Eine alte Frau bittet uns davor niederzuknien, etwas zu küssen und für unsere Gesundheit oder für das Wohl unserer Mütter zu beten. In einer anderen Ecke das berühmte Portrait des Nationalhelden Che Guevara. Auch in den Innenräumen nichts als Verfall, aber vermutlich sieht es schon seit Jahren so aus. Ich setze mich auf eine enge, wackelige Treppe, oben ist wahrscheinlich das Schlafzimmer, und ich ahne, wie kläglich und schmutzig es dort sein mag.
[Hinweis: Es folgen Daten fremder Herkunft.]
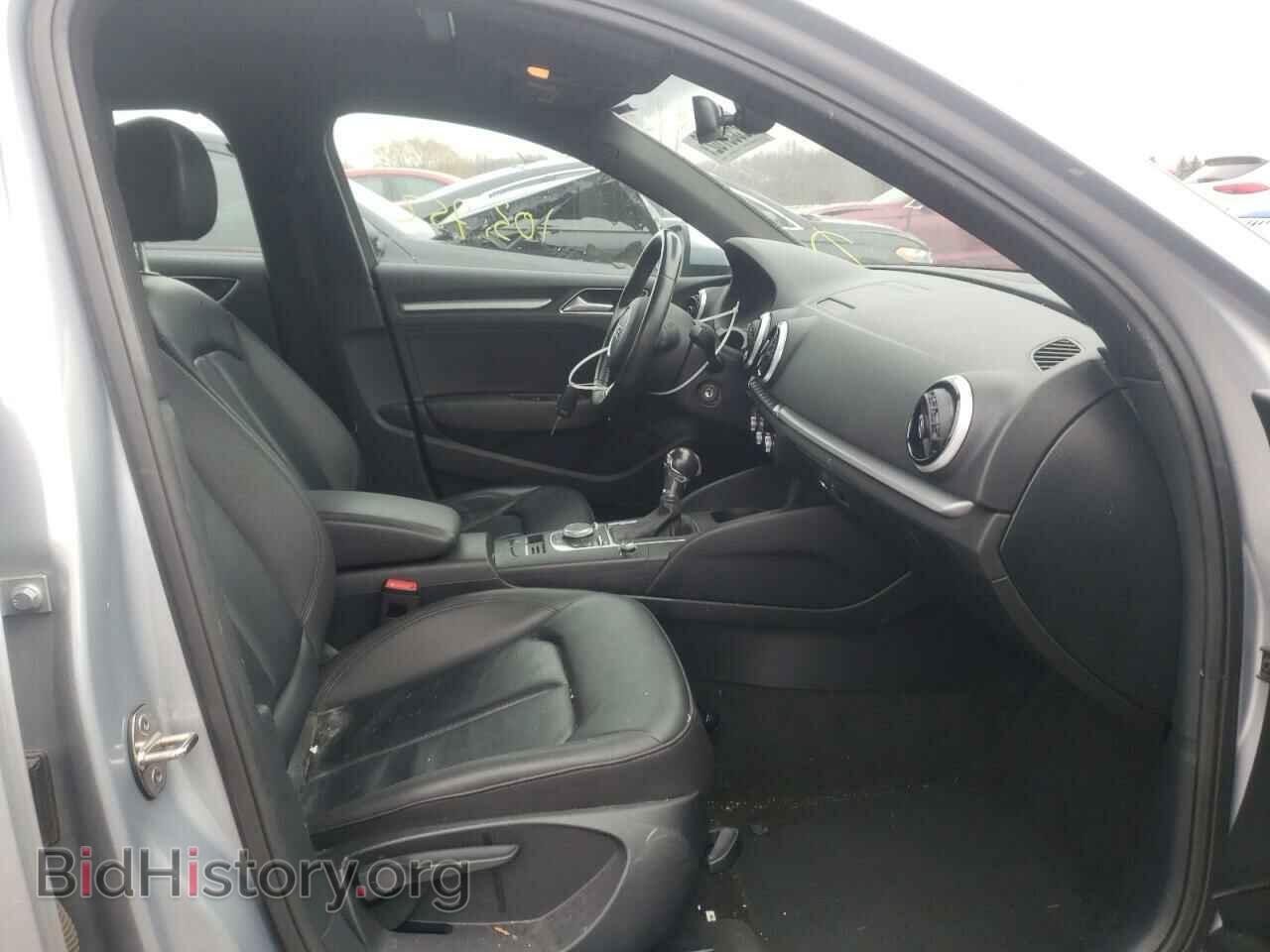 2016 AUDI A3 - VIN: WAUA7HFF7G1050874 - Фото 5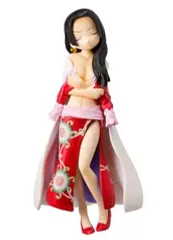 【中古】トレーディングフィギュア ボア・ハンコック(目つぶり) 「Half Age Characters ワンピース girls party!」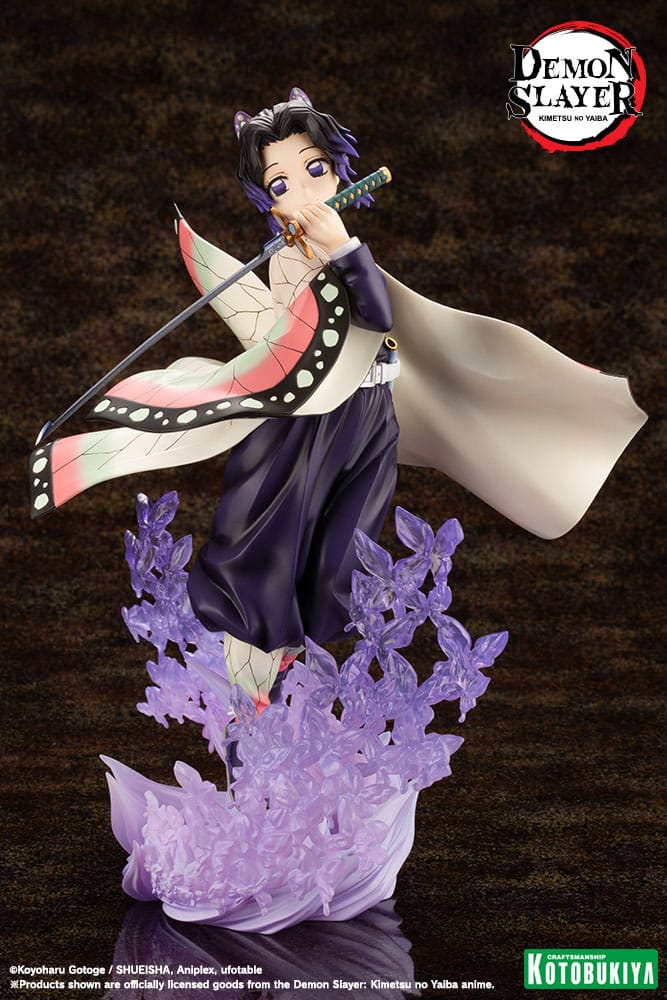 Demon Slayer: Kimetsu no Yaiba ARTFXJ Statue 1/8 Shinobu Kocho 25 cm          - Preorder - ETA: 25.08.2026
Ein ständiges Kommen und Gehen, alle sehen zufrieden aus, schütteln mir die Hand, lächeln mich an und reden so schnell mit mir, daß ich kaum ein Wort verstehe. Ich nutze die Zeit zum Zeichnen, erst drinnen, dann auf der Straße, wo spontan eine große Fiesta mit Conga-Trommeln und afrokubanischen Gesängen organisiert wird.

Die Menschen nehmen den Lärm auf der Straße hin, als wäre es das normalste auf der Welt. Tatsächlich bin ich selbst am Morgen in Milaidas Haus von Musik auf der Straße erwacht. Niemand beschwert sich, und die Polizisten, die ständig durch die Straßen patroullieren, sehen ganz gelassen zu.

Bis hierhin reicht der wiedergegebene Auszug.